At the moment I’m documenting experiments, but need to make sure the visual choices made make sense in an art context.
Is there a way of lighting the experiment with UV?
I have an idea to trace the movement of particles while photographing the screen… I might do this tomorrow…
My brief chaotic pendulum animation with sounds
Above: an exchange on Twitter, Kepes, CERN
EXPERIMENTATION WITH ALCOHOLS:
VERY STRONG ISOPROPANYL
ALCOHOL WORKS BEST. Rubbing alcohol is ineffective, as is methylated spirit. I was surprised at the inefficacy of methylated spirit as it was recommended in the Griffin and George laboratory equipment manual.
FLUID DYNAMICS -STARRY NIGHT. Hair curvature, Da Vinci.

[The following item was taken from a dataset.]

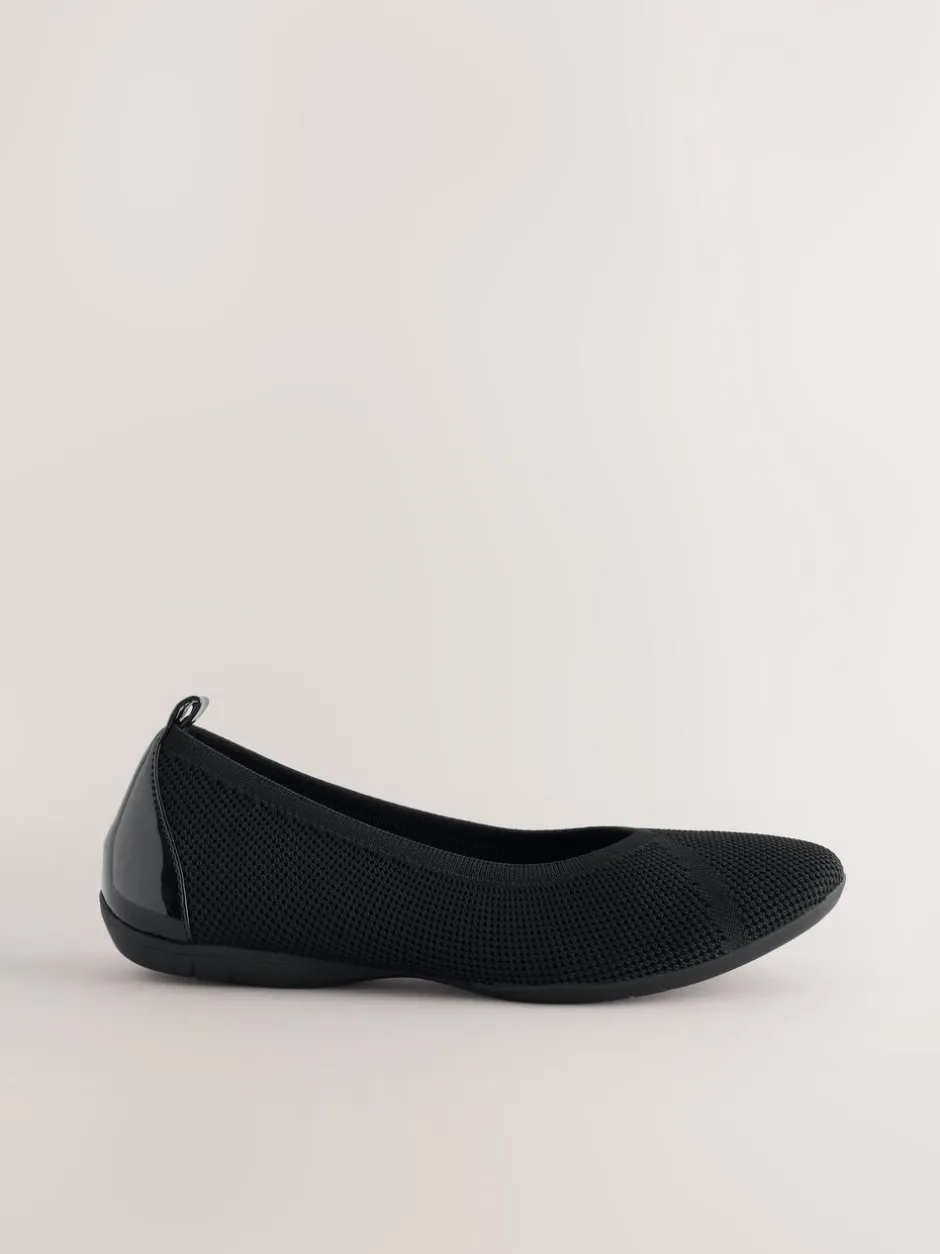 Lage Schoenen|Next Zwart - Forever Comfort® Comfort Flyknit Ballet Flats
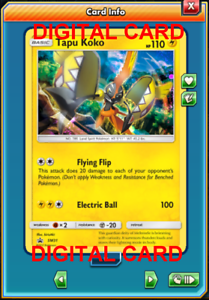PTCGO Digital Card! Tapu Koko #31 SM Promo Pokemon TCG Online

FLUID DYNAMICS AND SUBATOMIC PARTICLES…
Linda Sanchez’s piece ‘Chronographie: A Teardrop Dress‘ (pictured below) is spread over 8 meters against a wall. The fine black lines in the work appear like contour lines in cartography, perhaps particularly an ordinance survey map. Sanchez explores the properties of materials. This work investigates the processes behind particle movement, in particular the movement of drops of water, the result becoming simultaneously poetic and scientific. Sanchez observed droplets of water moving down large slides that she built over a long period of time. The video that opens her exhibition invites the audience to contemplate minute movements of water – the reflection of natural light on it’s surface, the way it rolls and accelerates when it swallows other drops, or being held back in it’s ‘race’, it’s behaviour when meeting an insect and the way it consumes dust … quite fascinating. Then the artist was interested in the traces left (like snail mucous left by a trail)… by the water when it withdrew from a space. She drew the frames of ‘water memory’ one at a time, creating graceful monochrome strips.
I’m hoping to track the movement of some of my pieces to evoke this sort of elegance. I’m already quite pleased with the subtlety of the wispy curves.